* _TASK REQUIREMENTS_
Give the listing again word for word. Leave every image out.

* _INFORMATION SUPPLIED_
== Segment start ==
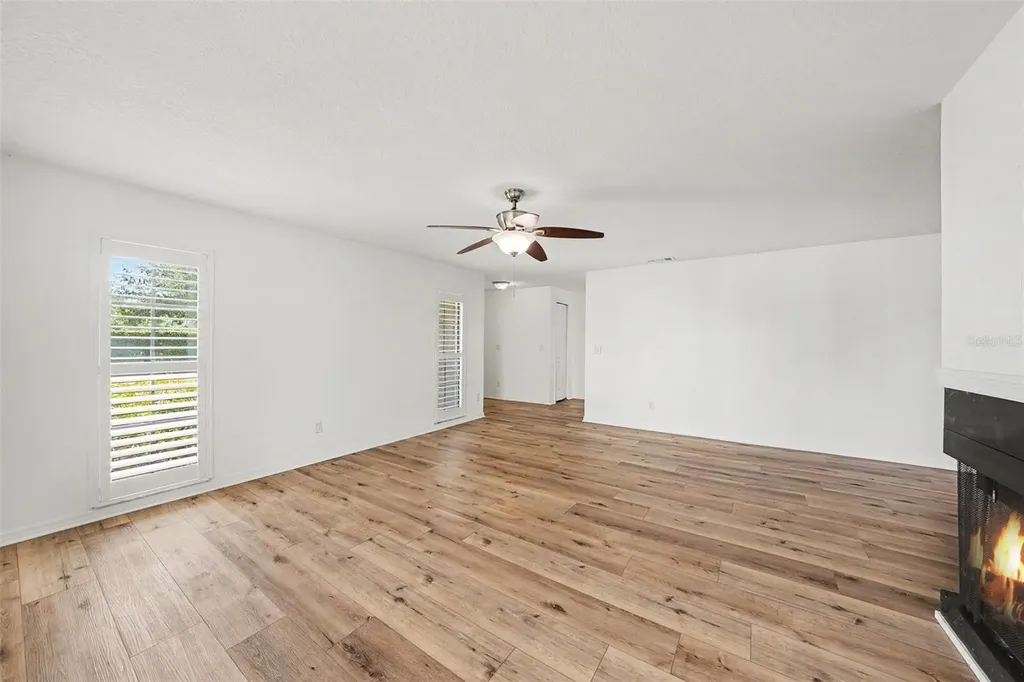 13030 Village Chase Circle Tampa FL 33618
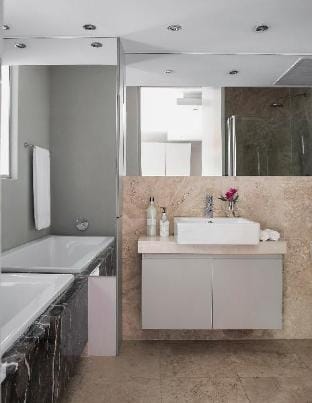 Stylish & Luxurious Unit 1602, The Franklin Jhb Apartment in Johannesburg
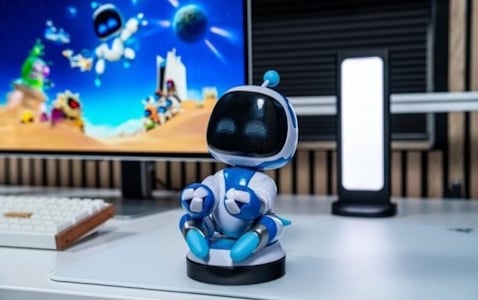 アストロボットやボルトボーイが大型マルチスタンド「ケーブルガイズ」シリーズに登場！新作の予約受付がスタート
== Segment end ==
* _SOLUTION BELOW_
 13030 Village Chase Circle Tampa FL 33618
 Stylish & Luxurious Unit 1602, The Franklin Jhb Apartment in Johannesburg
 アストロボットやボルトボーイが大型マルチスタンド「ケーブルガイズ」シリーズに登場！新作の予約受付がスタート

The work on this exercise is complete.